Secretary of State Marco Rubio alarmed Democrats — who say only Congress can declare war — as well as many of Trump’s MAGA supporters on Monday when he said: “We knew that there was going to be an Israeli action.”
“We knew that that would precipitate an attack against American forces, and we knew that if we didn’t pre-emptively go after them before they launched those attacks, we would suffer higher casualties,” Rubio told reporters.
Administration officials quickly backpedalled, insisting Trump authorized the strikes because Tehran was not seriously negotiating an accord on limiting its nuclear ambitions, and the United States needed to destroy Iran’s missile capabilities.

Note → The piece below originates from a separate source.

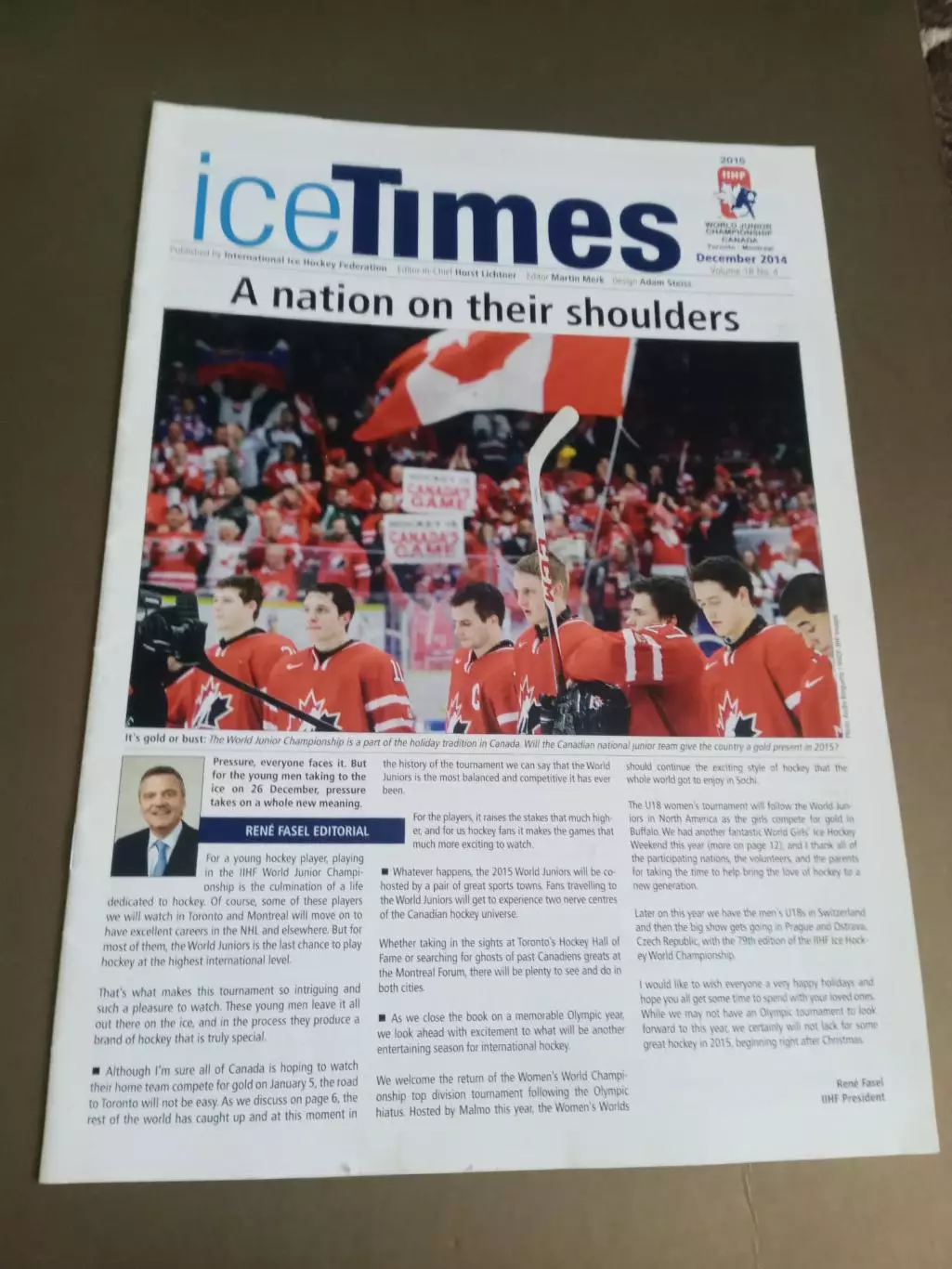 Ice Times издание ИИХФЧМ 2014 юниоры Торонто Монреаль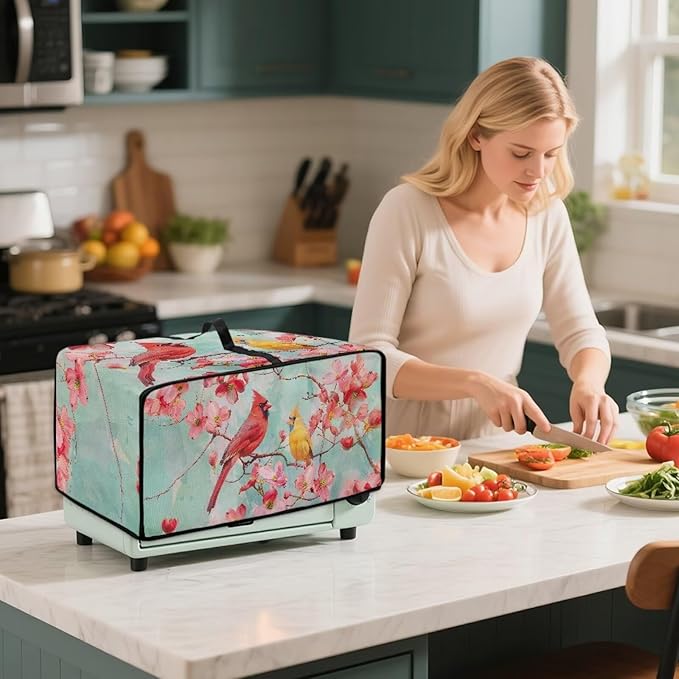 Cardinal Cherry Blossom Print Microwave Oven Cover Waterproof Dust-Proof Microwave Toaster Oven Cover with Storage Bags Universal Washable Decor Accessories for Kitchen, S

“No, Marco Rubio Didn’t Claim That Israel Dragged Trump into War with Iran,” White House Press Secretary Karoline Leavitt posted Tuesday on X.
At an Oval Office meeting later with Germany’s chancellor, Trump went further, saying that “Based on the way the negotiation was going, I think they (Iran) were going to attack first. And I didn’t want that to happen.”
“So, if anything, I might have forced Israel’s hand.”

- Had to happen? -

Rubio himself doubled down on Tuesday after meeting with US House and Senate members, while insisting that “No, I told you this had to happen anyway.”
“The president made a decision. The decision he made was that Iran was not going to be allowed to hide... behind this ability to conduct an attack.”
Critics seized on the muddied messaging to accuse Trump of precipitating the country into a war without a clear rationale, without informing Congress — and without a clear idea of how it might end.
They noted that just two weeks ago, Israel Prime Minister Benjamin Netanyahu pressed Trump again in Washington to take a hard line, in their seventh meeting since Trump’s return to power last year.
Some Republican allies rallied behind the president, with Senator Tom Cotton, chairman of the Senate Intelligence Committee, insisting that “No one pushes or drags Donald Trump anywhere.”
“He acts in the vital national security interest of the United States,” Cotton told the “Fox & Friends” morning show.
But as crucial US midterm elections approach that could see Republicans lose their congressional majority, Trump risks shedding supporters who had welcomed his pledge to end foreign military interventions.
“We are now a nation divided between those who want to fight wars for Israel and those who just want peace and to be able to afford their bills and health insurance,” Marjorie Taylor Greene, a top former Trump ally and a major figure in the populist and isolationist hard right, posted on X.